Petrochemicals company Sasol has reminded that it is in the business of energy first and foremost by announcing a R3-million sponsorship of solar thermal energy research.
Read on page 36 of this edition of Engineering News that the research will be carried out by the University of Stellenbosch’s Department of Mechanical and Mechatronic Engineering. The department sees environmental sustainability and renewable energy as an area of particular pursuit and has put solar thermal in the spotlight.
In the last 11 years, it has focused on bulk renewable solar power generation. This dovetails with plans by Sasol, which has an energy division intent on reducing the company’s greenhouse-gas footprint. It makes a lot of sense given that the sun is the world’s only unlimited source of power.
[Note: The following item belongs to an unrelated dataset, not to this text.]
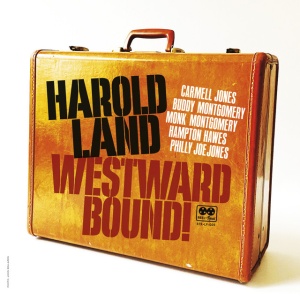 Harold Land - WESTWARD BOUND! (1 x CD)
“Southern Africa is blessed with some of the best solar radiation in the world, which is why Sasol supports the development of solar energy technologies as a viable renewable-energy source for Southern Africa within a carbon-constrained future,” the company said in a statement.
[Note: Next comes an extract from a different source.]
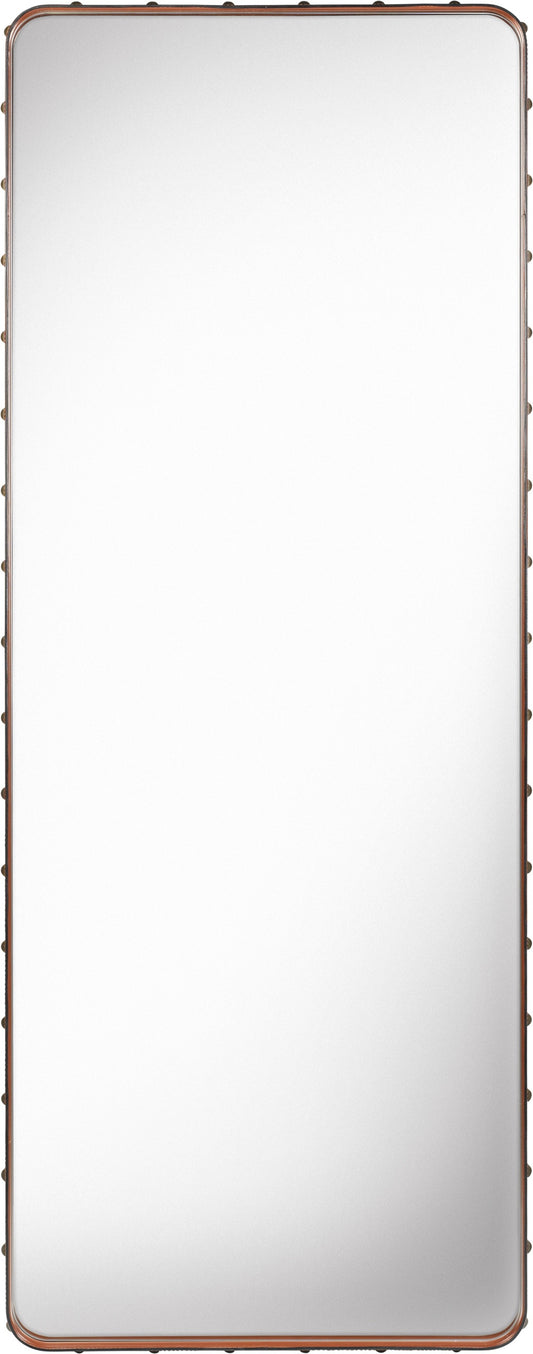 Adnet Wall Mirror Rectangular by GUBI — Packshots 2 of 7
With new Human Settlements Minister Tokyo Sexwale sleeping over in informal settlements to experience the hardship that people experience in such rudimentary conditions, the expectation is that a lot more attention is going to be given to how people live in South Africa.
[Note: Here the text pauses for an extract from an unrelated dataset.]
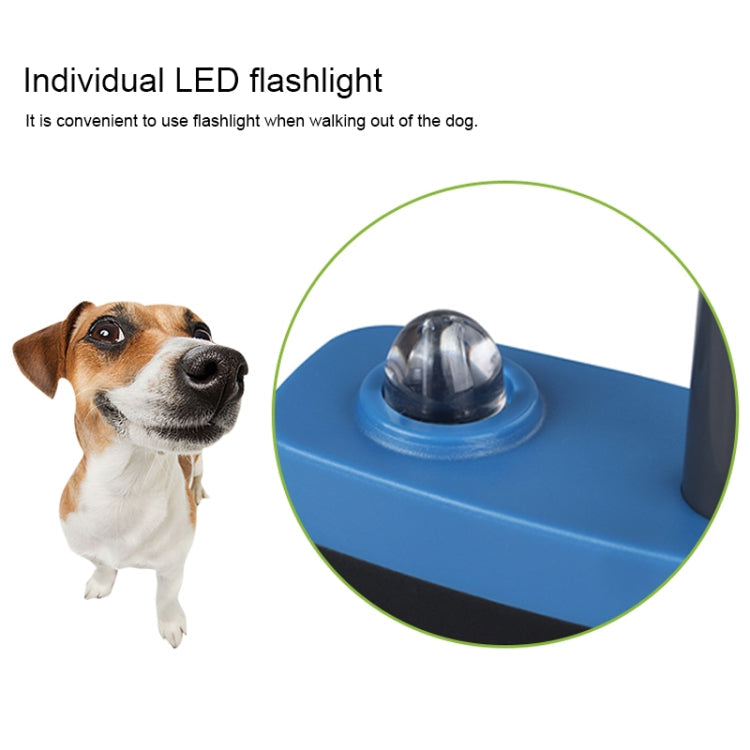 PaiPaitek Automatic Anti Barking Collar Pet Training Control System + Electric Shock PU Leather Collar for Dogs, PD525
Against that background, news has broken on a newly launched water and sanitation project in eThekwini, KwaZulu-Natal (KZN), which is aimed at providing about 1,4-million informal-settlement dwellers with access to running water and sanitation facilities.
Read on page 10 of this edition of Engineering News of the expectation that the project, to be completed in 2012, will generate 3 000 jobs. The R175-million budget will be disbursed over three years, with R40-million allocated for 2009, about R100-million for 2010 and R35-million for 2011.
The national sanitation target is that all should have access to running water and toilets by 2010, and it is part of the KZN municipality’s strategy to meet that target.
India’s Essar Group has acquired a 50% stake in Kenya Petroleum Refinery for $10-million, and has promised to invest $400-million over the next three years in upgrading refinery capacity from 72 000 bbl/d to one-million barrels a day.
Read on page 35 of this edition of Engineering News of how Essar edged out two competitors to clinch the deal, after the exit of three multi- nationals. Essar intends expand into Africa’s petroleum industry and is also the largest shareholder of Econet Wireless, which operates as the fourth mobile service provider in Kenya.